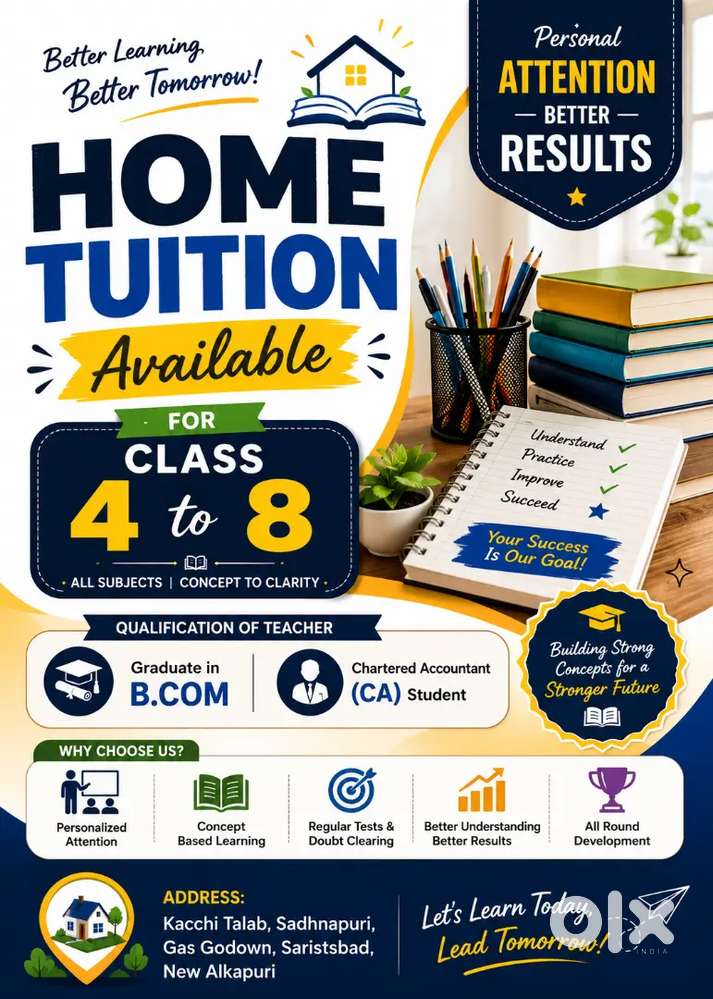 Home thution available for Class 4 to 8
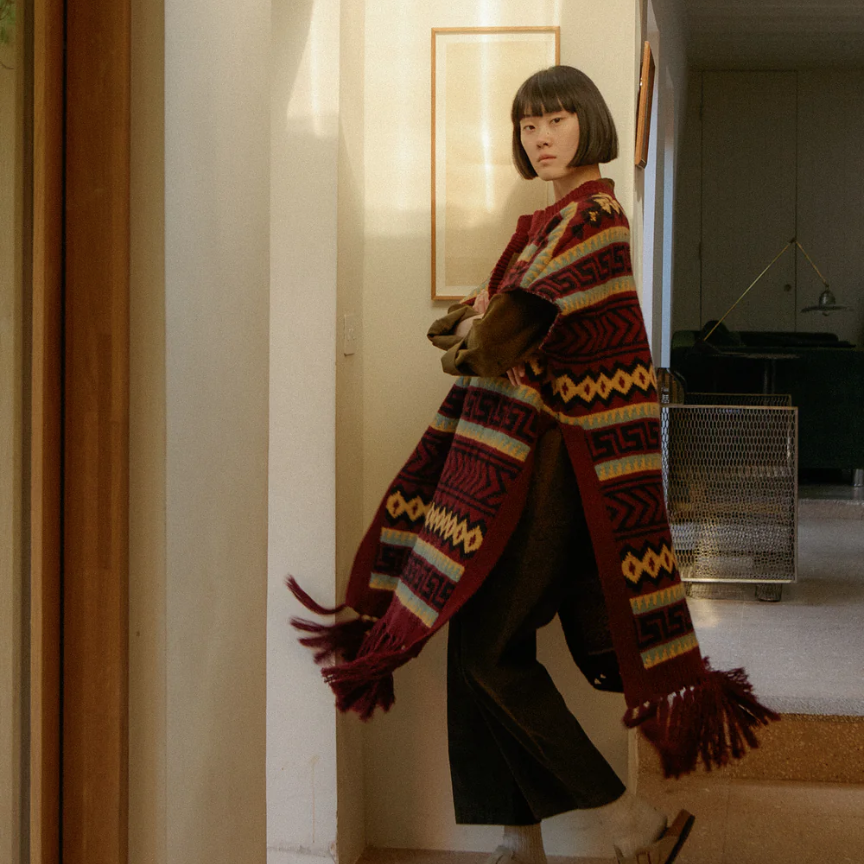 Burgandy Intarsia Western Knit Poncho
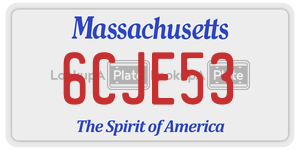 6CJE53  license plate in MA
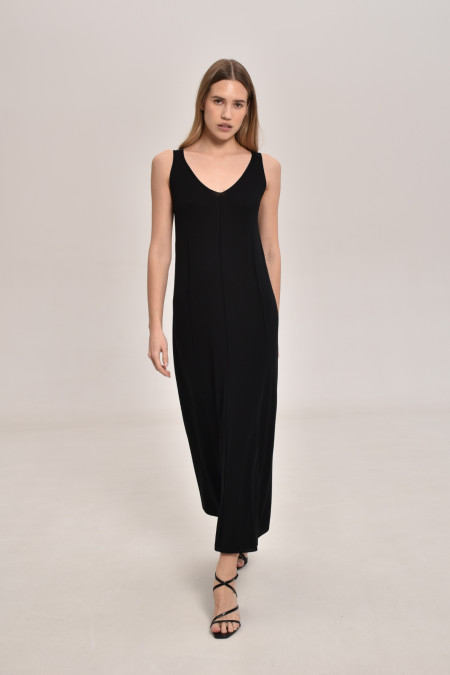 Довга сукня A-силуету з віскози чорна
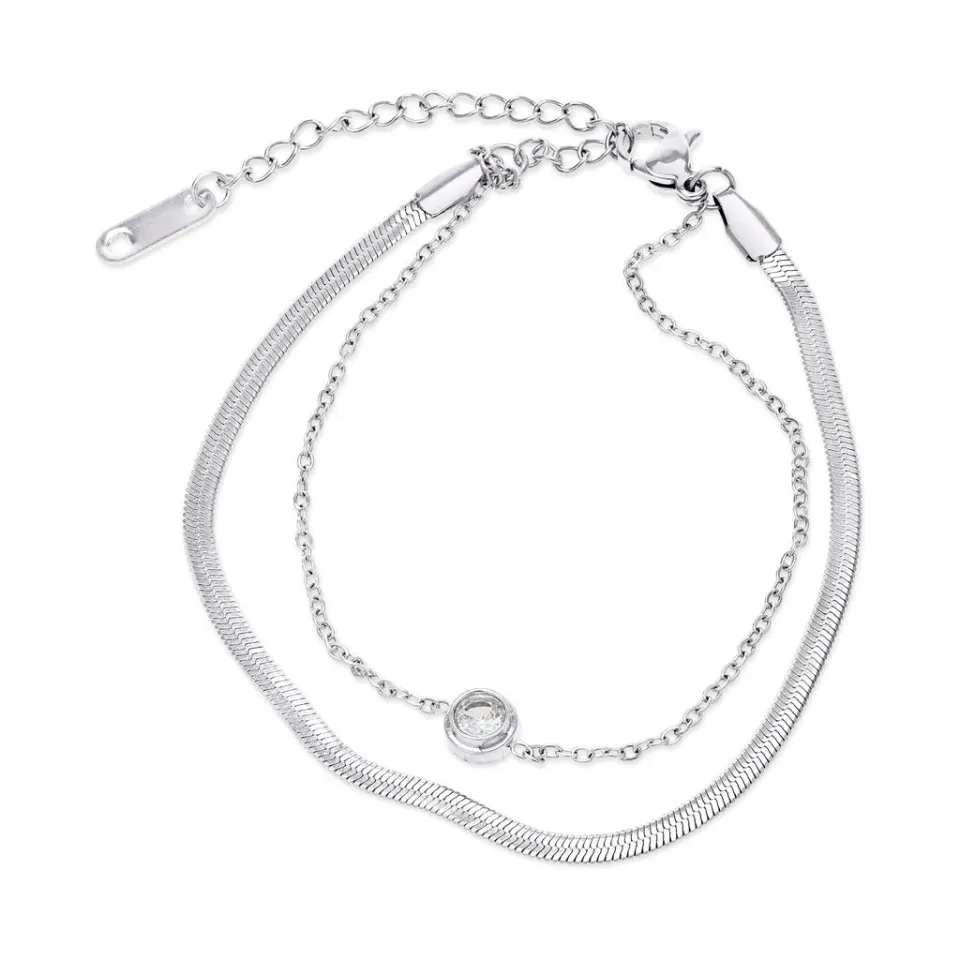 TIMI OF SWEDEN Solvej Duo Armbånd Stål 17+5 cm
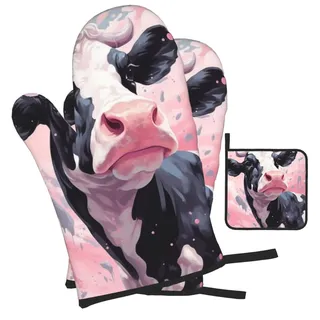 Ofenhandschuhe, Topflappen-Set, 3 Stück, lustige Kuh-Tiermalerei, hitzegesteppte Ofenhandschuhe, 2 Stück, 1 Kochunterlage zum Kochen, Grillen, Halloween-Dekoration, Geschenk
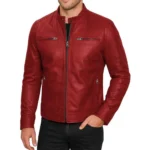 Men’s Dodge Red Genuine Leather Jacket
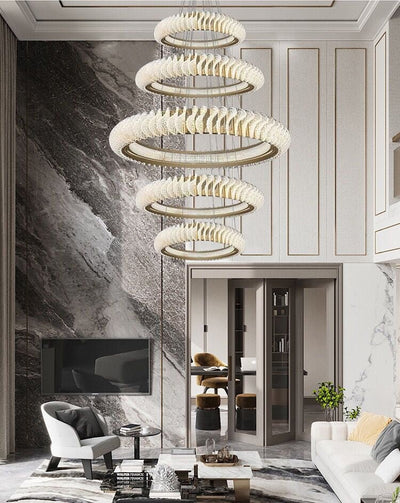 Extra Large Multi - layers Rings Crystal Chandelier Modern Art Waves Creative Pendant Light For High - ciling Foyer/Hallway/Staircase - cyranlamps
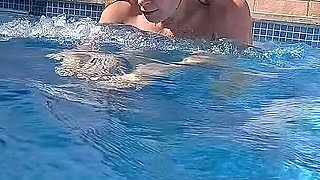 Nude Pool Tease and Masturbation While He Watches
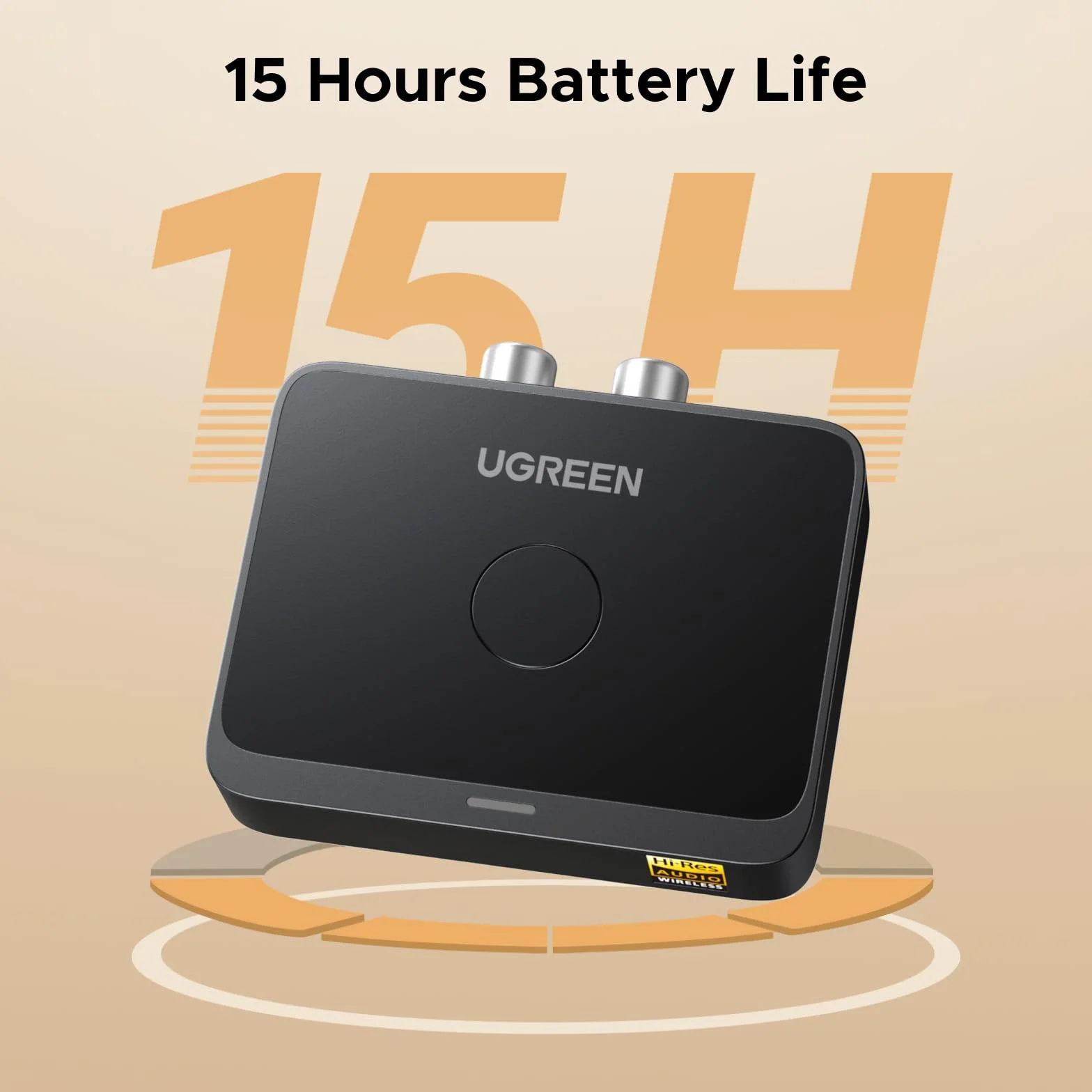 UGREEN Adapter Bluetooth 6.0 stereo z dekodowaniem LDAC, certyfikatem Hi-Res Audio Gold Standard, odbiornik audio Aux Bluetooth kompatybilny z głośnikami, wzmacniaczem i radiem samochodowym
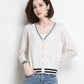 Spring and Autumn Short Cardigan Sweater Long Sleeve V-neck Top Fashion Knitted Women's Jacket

Task goal:
Could you write out every record exactly, leaving the pictures out?

Your solution:
 Home thution available for Class 4 to 8
 Burgandy Intarsia Western Knit Poncho
 6CJE53  license plate in MA
 Довга сукня A-силуету з віскози чорна
 TIMI OF SWEDEN Solvej Duo Armbånd Stål 17+5 cm
 Ofenhandschuhe, Topflappen-Set, 3 Stück, lustige Kuh-Tiermalerei, hitzegesteppte Ofenhandschuhe, 2 Stück, 1 Kochunterlage zum Kochen, Grillen, Halloween-Dekoration, Geschenk
 Men’s Dodge Red Genuine Leather Jacket
 Extra Large Multi - layers Rings Crystal Chandelier Modern Art Waves Creative Pendant Light For High - ciling Foyer/Hallway/Staircase - cyranlamps
 Nude Pool Tease and Masturbation While He Watches
 UGREEN Adapter Bluetooth 6.0 stereo z dekodowaniem LDAC, certyfikatem Hi-Res Audio Gold Standard, odbiornik audio Aux Bluetooth kompatybilny z głośnikami, wzmacniaczem i radiem samochodowym
 Spring and Autumn Short Cardigan Sweater Long Sleeve V-neck Top Fashion Knitted Women's Jacket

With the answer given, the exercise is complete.